Did I mention that you need to take care of everything yourself and that the Cloud provider will not manage your server? It's not the service he provides when talking about IaaS, you are getting Infrastructure as a Service.

So why would you go for IaaS? Why would you go for infrastructure as a service? Well, just like you would go for any other technology; it solves your problem or it can sufficiently contribute to the solution to your problem. Most of the time you don't want to go for IaaS if there's a PaaS solution for you. Read on for the stuff about PaaS.

Onwards, with the things you can get as a service. PaaS, Platform as a Service, takes you up the software stack.

PaaS

So on top of the infrastructure, there is an Operating System and then some. Basically the 'Platform' in PaaS refers to the software layer on top of which an application runs. A lot of people I know are thinking 'Application Server' or 'Middleware' when talking about Platforms, but actually some applications run on the Operating System itself, so the OS might be the platform in PaaS.
Here's a rule of thumb that can help you: a Platform as meant in PaaS is any piece of software that is not a business application (take the term very broad) and is managed by the Cloud provider. Please take not of that last bit!
So in PaaS, the platform is managed by the Cloud provider, just like in IaaS the infrastructure is managed by the Cloud provider. Infrastructure is (virtualized) hardware, Platform is software. Is this arguably the correct definition? Yes, we can argue about it, but it fits the NIST definition, which is convenient.

Oh yeah, don't forget that the Platform in PaaS is a software layer on top of which an application runs. Typically it provides technical services to the business application. This means that typically a DBMS is not a Platform.
An Application Server like a JavaEE container, is a Platform.

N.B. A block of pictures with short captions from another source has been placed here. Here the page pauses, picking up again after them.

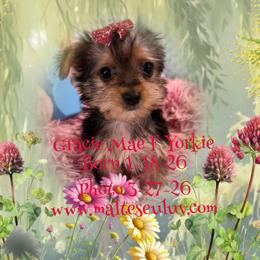Gracie Mae - Black and gold female Yorkshire Terrier puppy in Silverhill, Alabama from Malteseuluv’s Tiny Treasurers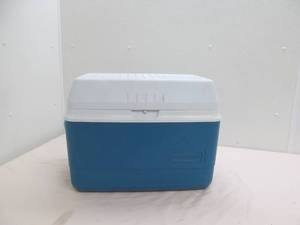 lot 212 image: cooler
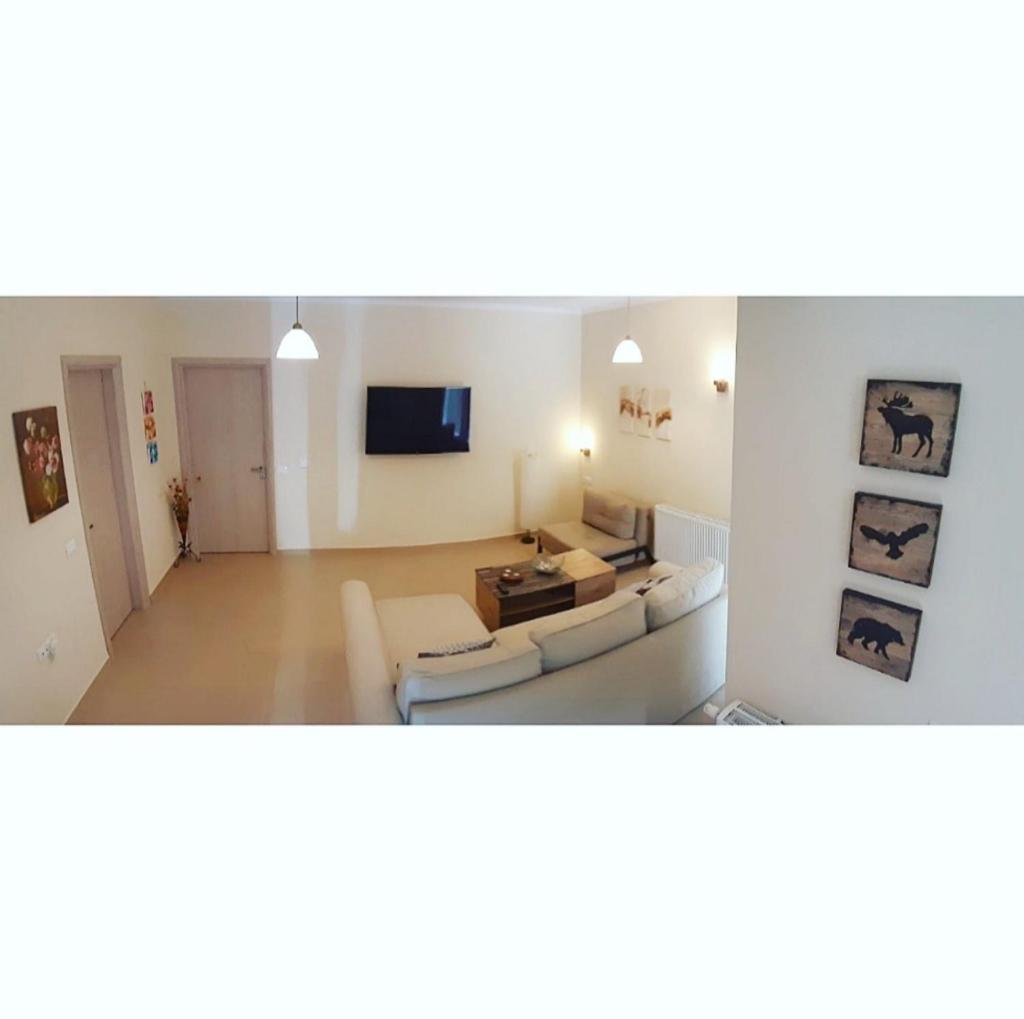 Green View Apartment photo 3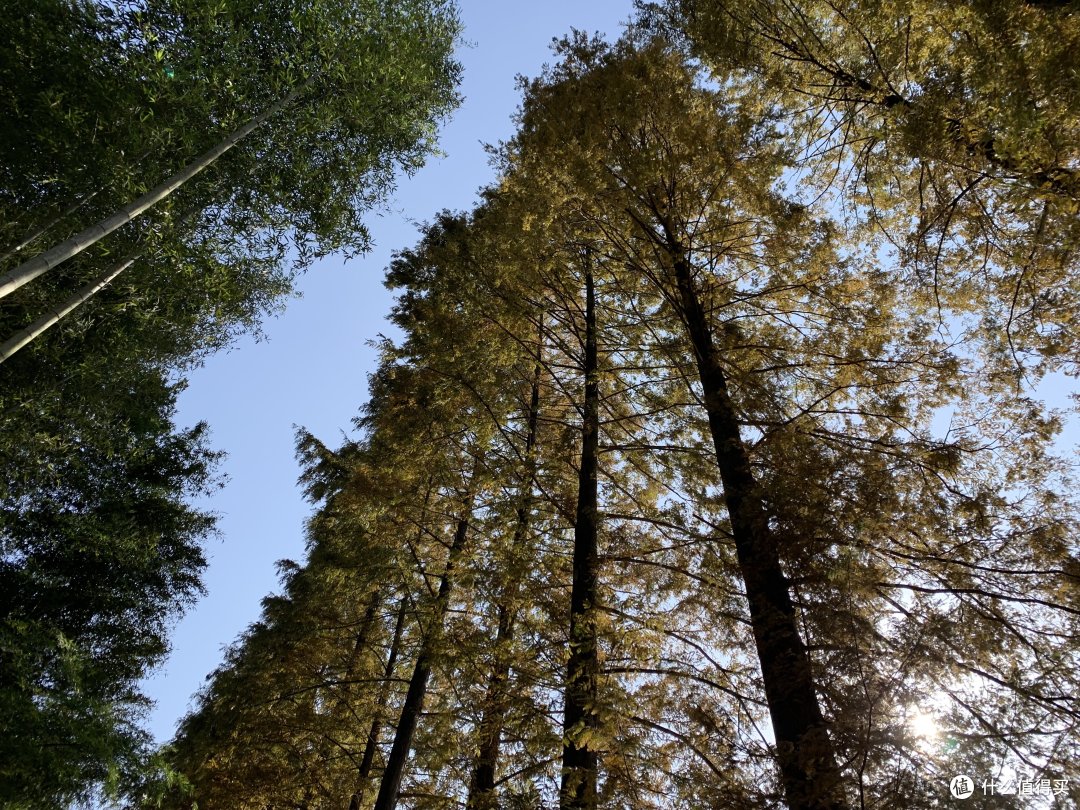 吐血推荐！小米手表，可不仅仅是好看这么简单！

Interestingly, the application server in the previous paragraph can be part of the PaaS service, so it is managed by the Cloud provider, or the OS on which it is running is the Platform and managed by the Cloud provider but the application server is not. The key here is what is and what is not managed and it always moves up the stack. So you can't have a PaaS contract where the Platform is an application server that is managed, but the OS is not managed by the Cloud provider. Anyone tells you this is possible, well question their expertise on Cloud, like really hard.

Typically you would want to go for PaaS, because that means that there's a lot managed by the Cloud provider and you only need to manage the contract with him including the SLA's you agreed upon. The Cloud provider will ensure that you've got your Platform and that it complies with the capacity you agreed upon, that it stays available and in case it becomes unavailable, that it will become available within the timeframe agreed upon in the relevant SLA.
You also want to move to PaaS if possible because it means that you'll be drawing on the fact that the Cloud provider has staff that can actually support the platform 24x7 so you won't need that expertise in your organization in the amounts of being able to support it 24x7.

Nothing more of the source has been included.